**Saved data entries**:
□ □ □
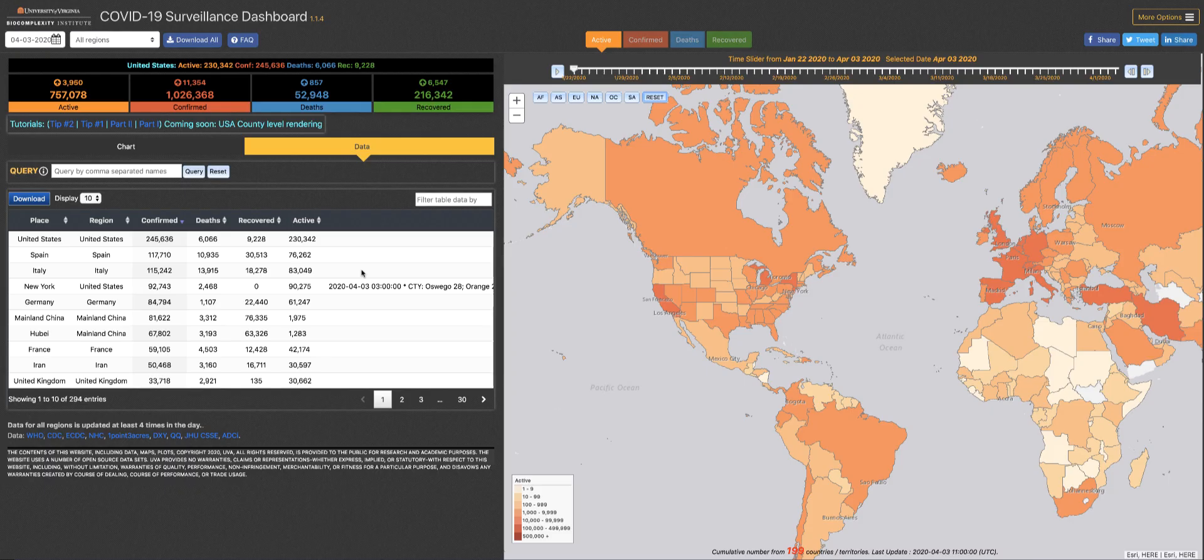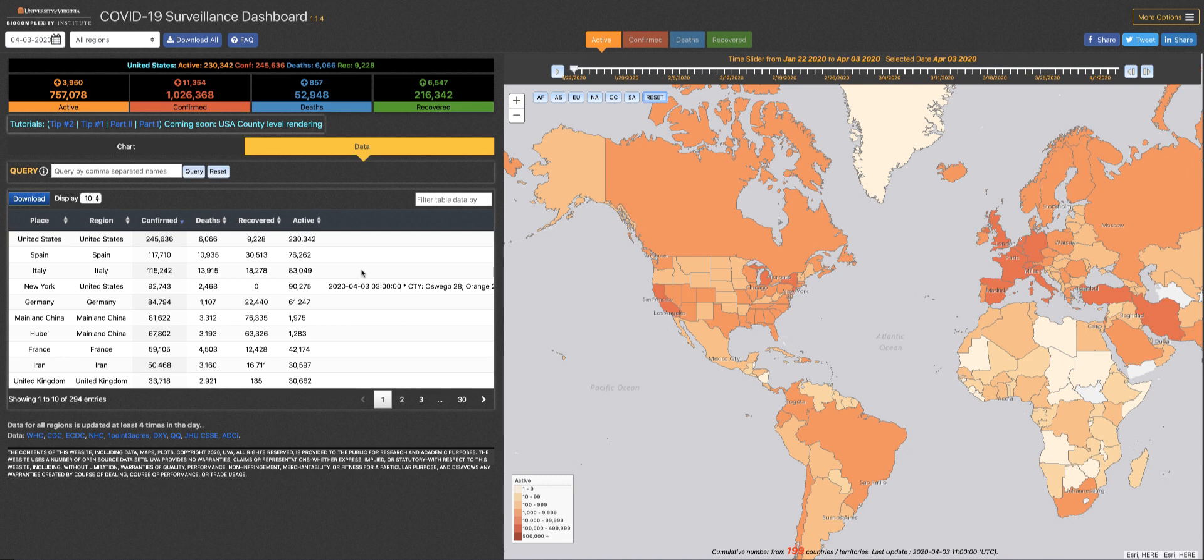Welcome to the tip of the day for the COVID-19 surveillance dashboard. Today we'd like to make sure that you know about our advanced click features.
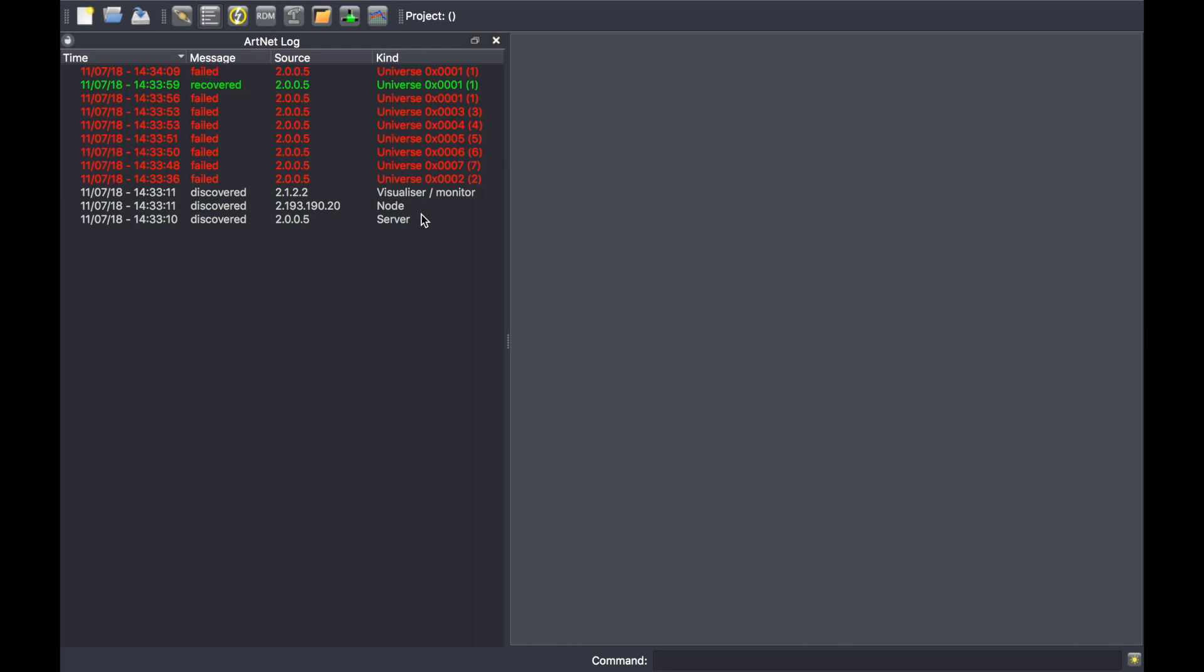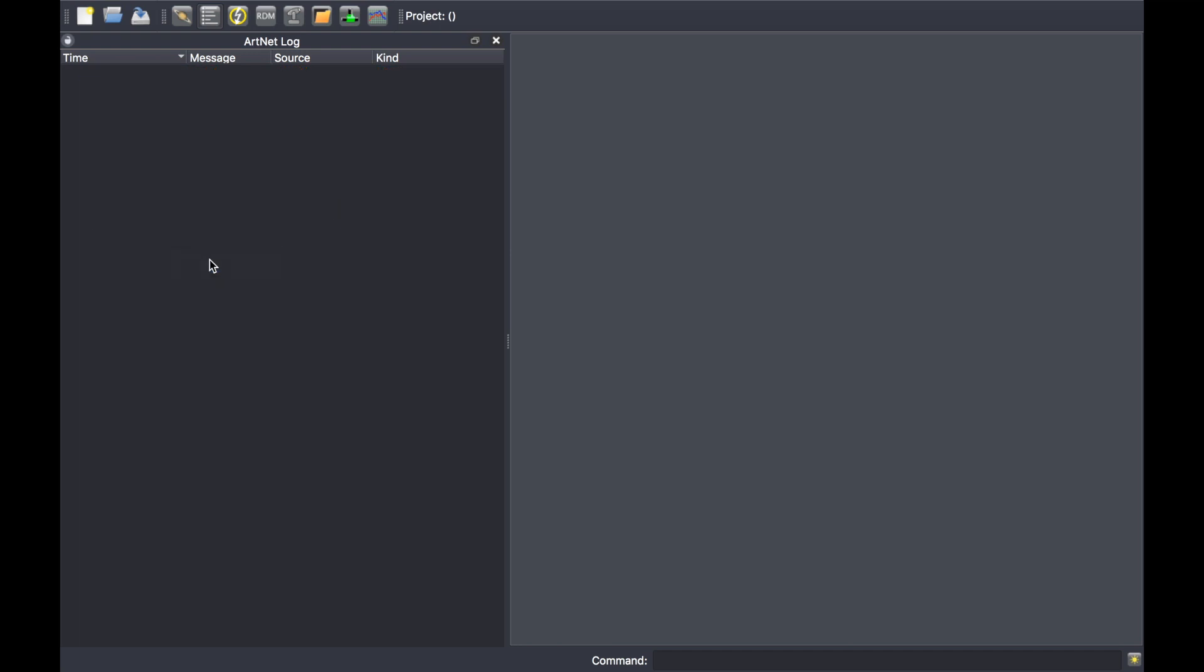If you want to clear the content of this Artnet Log, simply right-click into the widget and press Clear.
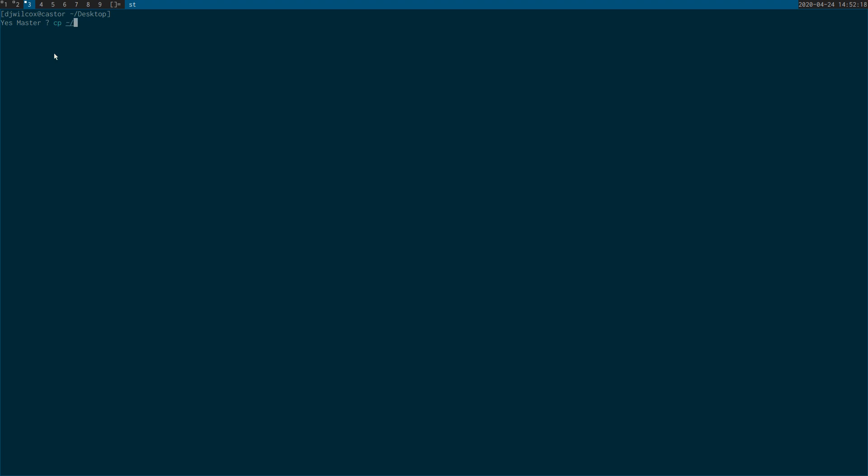If I copy a large file to the desktop with copy and press return, you'll see there's no output and we don't know if it's actually working or how long it's going to take to copy. So if I control C to kill that.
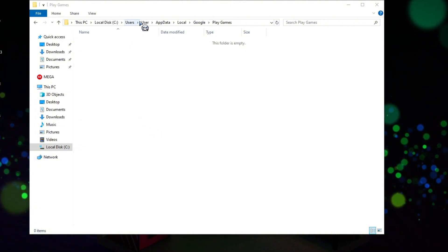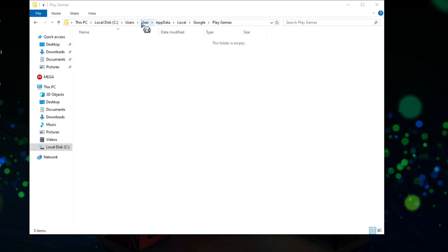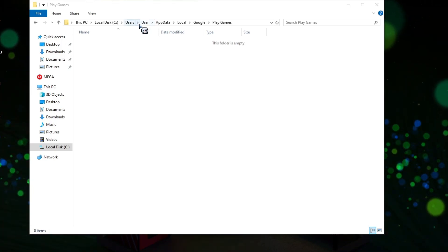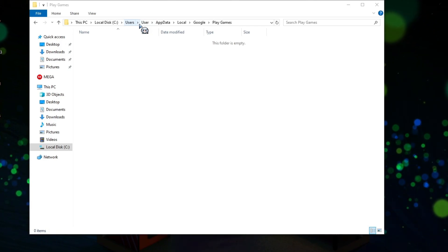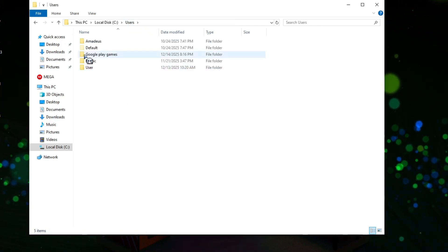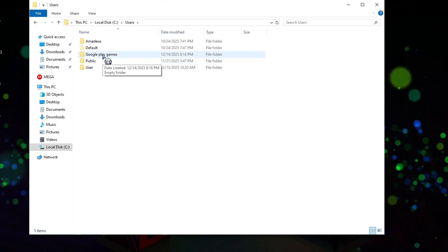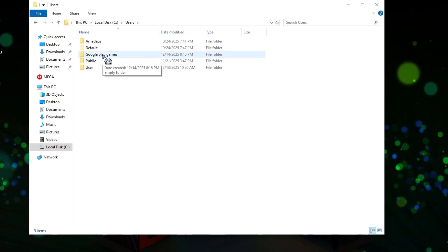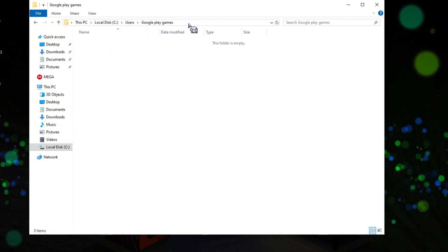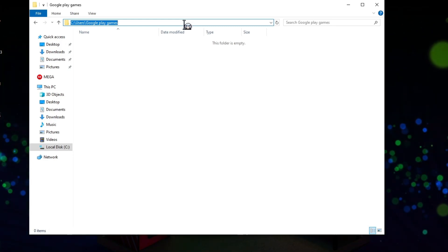Once done, you need to make another folder where you want to change the install location for your Google Play Games — it could be anywhere. Select that folder, select the path from the address bar, and then copy this because we're going to use this for a particular command in our CMD.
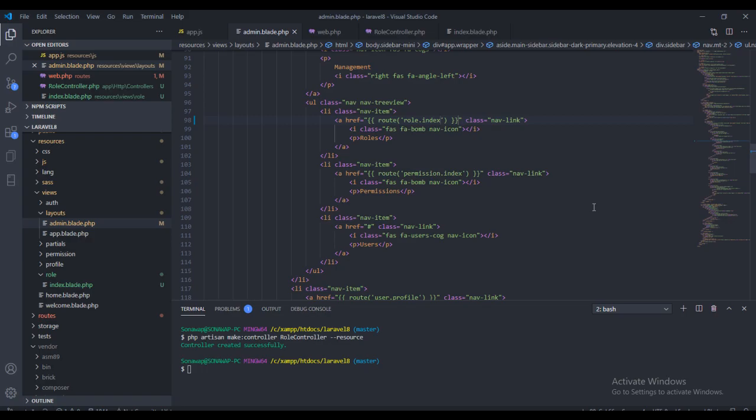Welcome back guys. In the previous video we created the role-in page, and in this video we're going to get to creating the rules properly. Before I start, if you haven't subscribed to this channel please do so and click on the notification button to know whenever I'm putting out a new video.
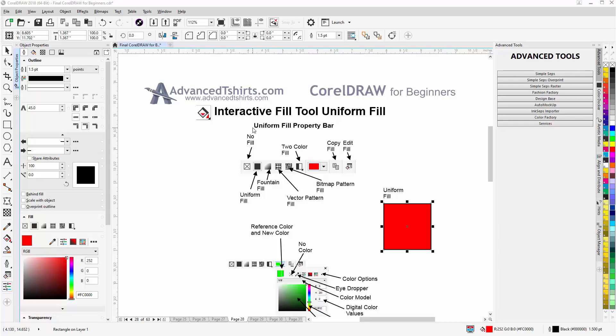In this session, we're going to go a little deeper into working with the Interactive Fill Tool and in the Uniform Fill mode.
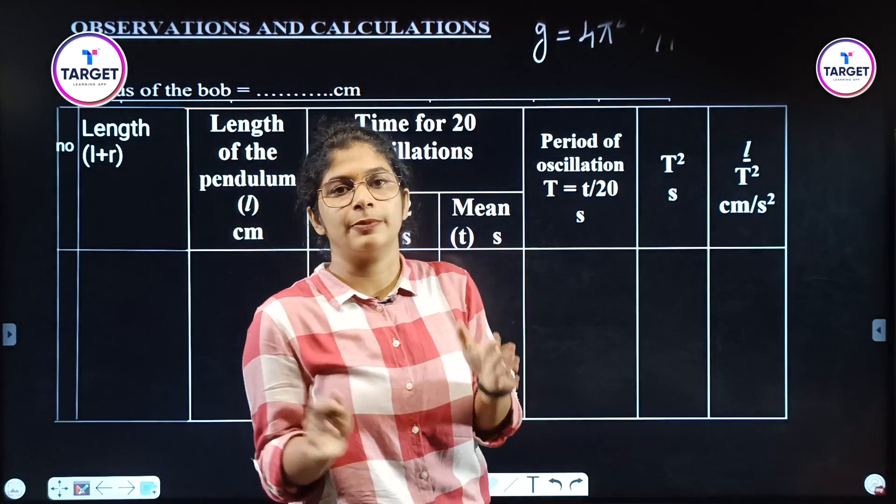Now we are going to do the experiment. This is our simple pendulum apparatus — the stand and the bob attached with a thread. We will measure the length of the thread, count the oscillations, and record the time using the stopwatch. We will do 20 oscillations or 10 oscillations.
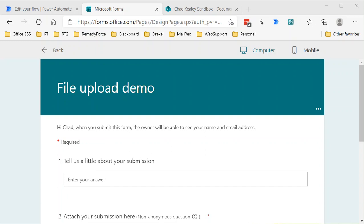This is an update to a video I released a while ago where I walk through how to use Power Automate, formerly Microsoft Flow, to take a file that's been uploaded through a Microsoft form.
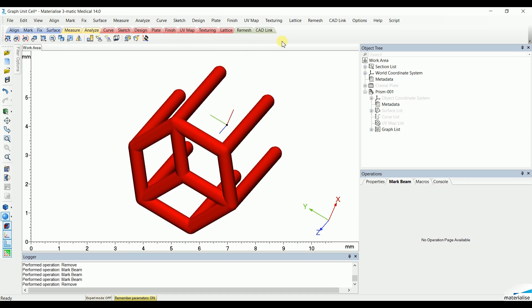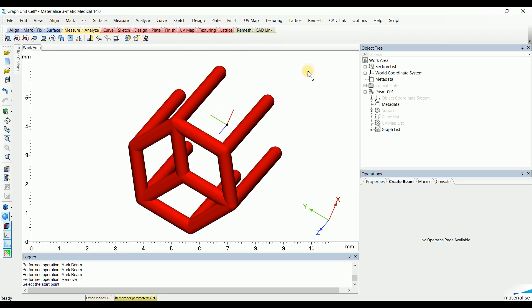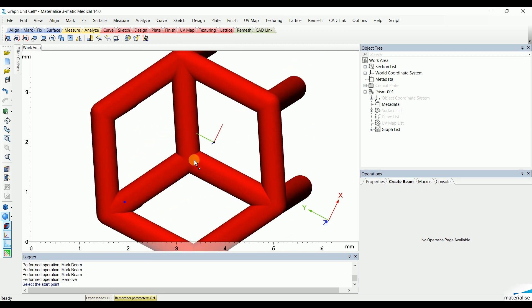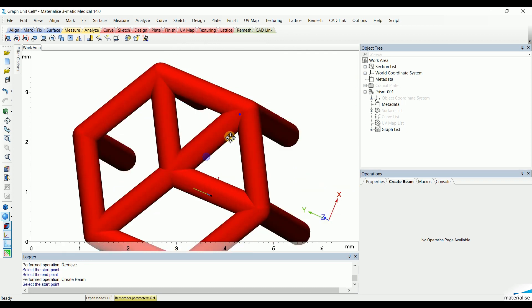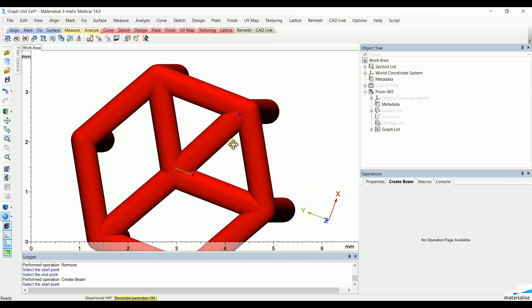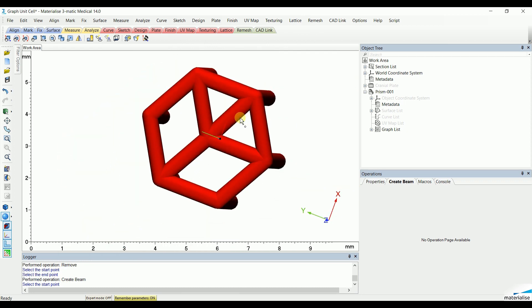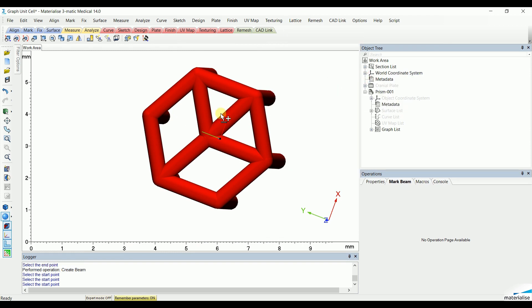Now, if we would like to add a beam, we can go to lattice Create Beam and simply select how we want to add the beam. If we, in the end, would like to remove it again, we simply go Mark, Mark Beam, select the beam and remove.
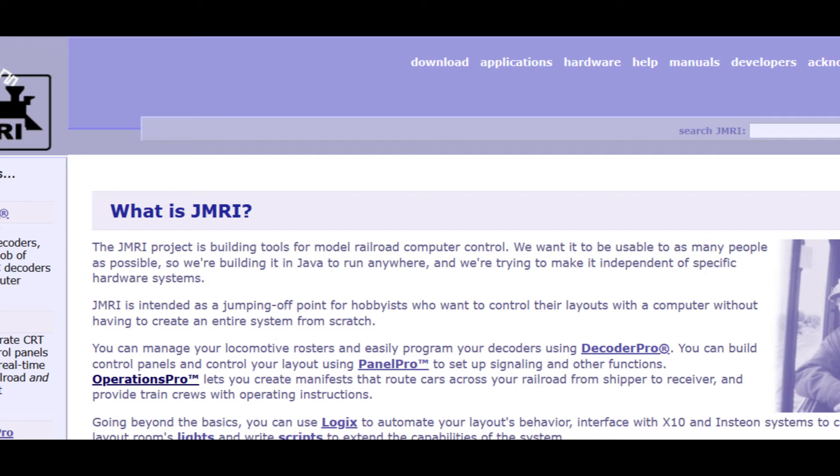You'll need to download both Java and the JMRI application to your computer. The good news is these programs are not data intensive and will run on most computers. They're both free as well. I'll link to the locations down below; you can also Google them as well.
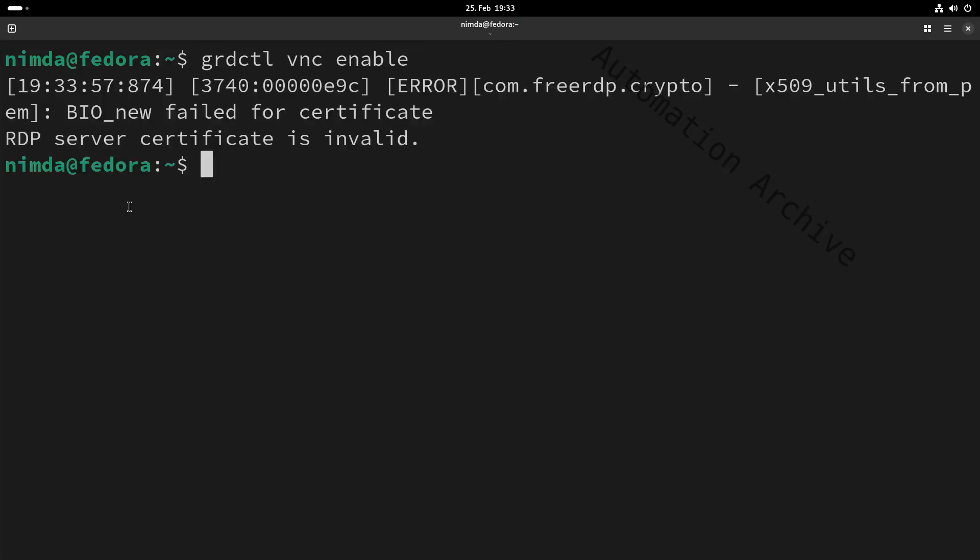Use the grd control command to enable VNC. The VNC server is a feature of GNOME's remote desktop. I've put the commands into the video description.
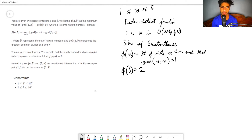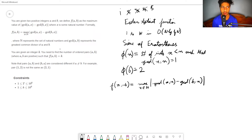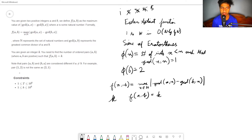Now let's understand what the problem is asking. We have defined a function f, where f(a, b) is the maximum over all x belonging to the natural numbers of the absolute difference between gcd(a, x) and gcd(b, x). You are given an integer k and need to find the number of ordered pairs (a, b) such that f(a, b) equals k. The constraint is that a and k are up to 10^6.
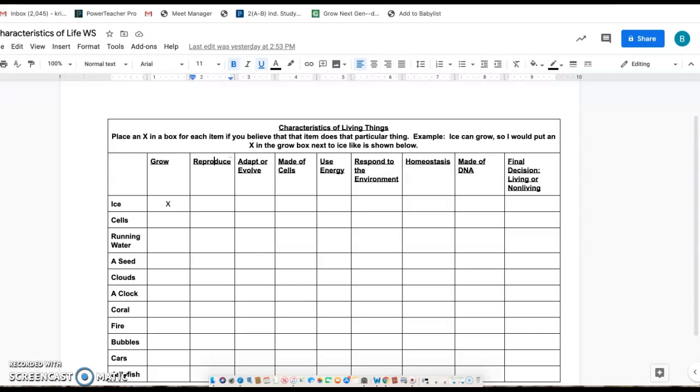So we're going to talk about characteristics of living things - what does something need to be or need to have to be alive? I'm going to have you make sure you filled out what it takes to be a live discussion post before you do this.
□ □ □
**What is required**: Find the line with "Now let's understand". Return it and each line after it through the end of the data, exactly, without pictures.

**Response**:
Now let's understand what the problem is asking. We have defined a function f, where f(a, b) is the maximum over all x belonging to the natural numbers of the absolute difference between gcd(a, x) and gcd(b, x). You are given an integer k and need to find the number of ordered pairs (a, b) such that f(a, b) equals k. The constraint is that a and k are up to 10^6.
So we're going to talk about characteristics of living things - what does something need to be or need to have to be alive? I'm going to have you make sure you filled out what it takes to be a live discussion post before you do this.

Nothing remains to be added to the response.